Le choc de vision entre Sophie Brochu et Pierre Fitzgibbon a été presque immédiat. Peu de temps après l’annonce de l’ajout du ministère de l’Énergie aux responsabilités du « superministre » Fitzgibbon, Mme Brochu déclarait que la société d’État ne devait pas devenir « un magasin à une piasse de l’électricité ». Elle faisait allusion aux tarifs très bas consentis aux entreprises qui s’installent ici. Or, le ministre Fitzgibbon ne s’en est jamais caché : il souhaite utiliser l’énergie à bas prix pour continuer à attirer des investissements au Québec. Malgré la création d’un comité par François Legault pour que les deux travaillent main dans la main, ces deux visions se seront avérées, semble-t-il, irréconciliables.  

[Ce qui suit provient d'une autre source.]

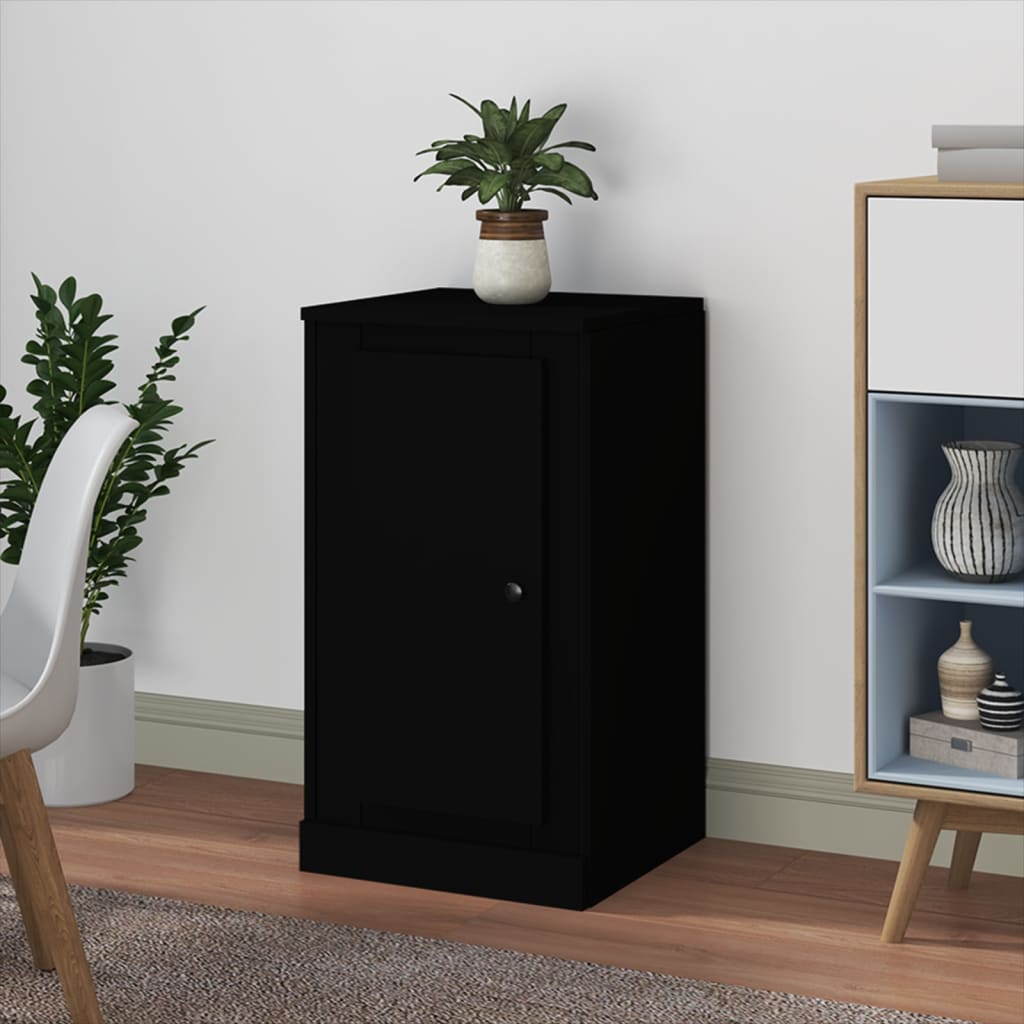 foto del prodotto credenza nera 37,5x35,5x67,5 cm in legno multistratocod mxl 126229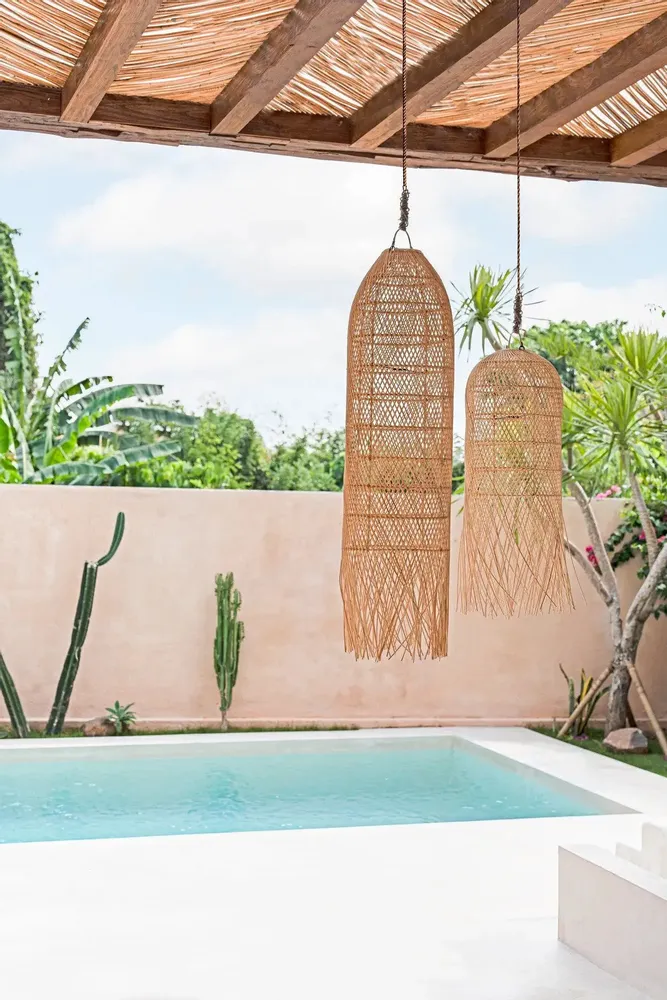 Blinds - The Squid Pendant - Natural - L - BAZAR BIZAR LIVING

2. UN ESPION CHINOIS ARRÊTÉ PAR LA GRC

En novembre dernier, un employé d’Hydro-Québec, Yuesheng Wang, est arrêté pour espionnage par la Gendarmerie royale du Canada (GRC). L’homme de 35 ans était chercheur au Centre d’excellence en électrification des transports et en stockage d’énergie. Dans le cadre de ses fonctions, ce dernier aurait obtenu des secrets industriels avec l’intention d’en faire profiter la République populaire de Chine. Quatre chefs d’accusation sont portés contre M. Wang : obtention de secrets industriels, utilisation non autorisée d’ordinateur, fraude pour avoir obtenu des secrets industriels et abus de confiance par un fonctionnaire public. Jamais auparavant de telles accusations n’avaient été portées au Canada. 


3. SON SIÈGE AU CA DE BMO

En plus de son salaire annuel de 615 320 $ comme PDG d’Hydro-Québec, Sophie Brochu reçoit, comme administratrice de la Banque de Montréal (BMO), 225 000 $ par année, en plus des 150 000 $ sous forme de droit différé à la valeur d’actions (DDVA) et 75 000 $ en espèces, selon le site web de l’institution financière. Hydro-Québec a toujours défendu le 2e emploi de sa PDG en faisant valoir que « sa participation au CA de la BMO lui permet un lien avec le secteur financier ». À titre de de comparaison, elle gagnait environ le double, soit 1,9 million $, au privé lorsqu’elle dirigeait Énergir.  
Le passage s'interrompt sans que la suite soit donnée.